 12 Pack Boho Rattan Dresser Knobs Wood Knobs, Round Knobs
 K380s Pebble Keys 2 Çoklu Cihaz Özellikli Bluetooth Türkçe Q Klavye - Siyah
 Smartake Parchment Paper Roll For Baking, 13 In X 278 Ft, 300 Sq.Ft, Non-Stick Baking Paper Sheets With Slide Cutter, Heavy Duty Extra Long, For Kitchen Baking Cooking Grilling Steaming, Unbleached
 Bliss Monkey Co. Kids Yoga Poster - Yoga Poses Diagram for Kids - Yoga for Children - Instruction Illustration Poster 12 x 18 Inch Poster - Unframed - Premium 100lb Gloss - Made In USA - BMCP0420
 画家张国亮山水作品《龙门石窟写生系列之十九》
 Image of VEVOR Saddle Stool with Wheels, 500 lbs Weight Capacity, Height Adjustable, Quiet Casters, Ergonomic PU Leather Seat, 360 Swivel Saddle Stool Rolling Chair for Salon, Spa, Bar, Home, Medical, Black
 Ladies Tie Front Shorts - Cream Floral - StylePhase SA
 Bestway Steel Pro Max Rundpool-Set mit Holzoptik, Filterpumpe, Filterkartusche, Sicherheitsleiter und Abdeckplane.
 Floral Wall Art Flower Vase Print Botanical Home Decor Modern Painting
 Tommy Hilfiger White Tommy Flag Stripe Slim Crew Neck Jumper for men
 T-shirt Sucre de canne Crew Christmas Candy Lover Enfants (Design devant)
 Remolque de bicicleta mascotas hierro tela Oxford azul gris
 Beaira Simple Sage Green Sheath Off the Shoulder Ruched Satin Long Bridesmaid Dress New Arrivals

· · · · · · ·

* _Try it_:
Restate exactly the lines running from the line with "Bestway Steel Pro" to the end of the entries above, both ends included.

* _Your response_:
 Bestway Steel Pro Max Rundpool-Set mit Holzoptik, Filterpumpe, Filterkartusche, Sicherheitsleiter und Abdeckplane.
 Floral Wall Art Flower Vase Print Botanical Home Decor Modern Painting
 Tommy Hilfiger White Tommy Flag Stripe Slim Crew Neck Jumper for men
 T-shirt Sucre de canne Crew Christmas Candy Lover Enfants (Design devant)
 Remolque de bicicleta mascotas hierro tela Oxford azul gris
 Beaira Simple Sage Green Sheath Off the Shoulder Ruched Satin Long Bridesmaid Dress New Arrivals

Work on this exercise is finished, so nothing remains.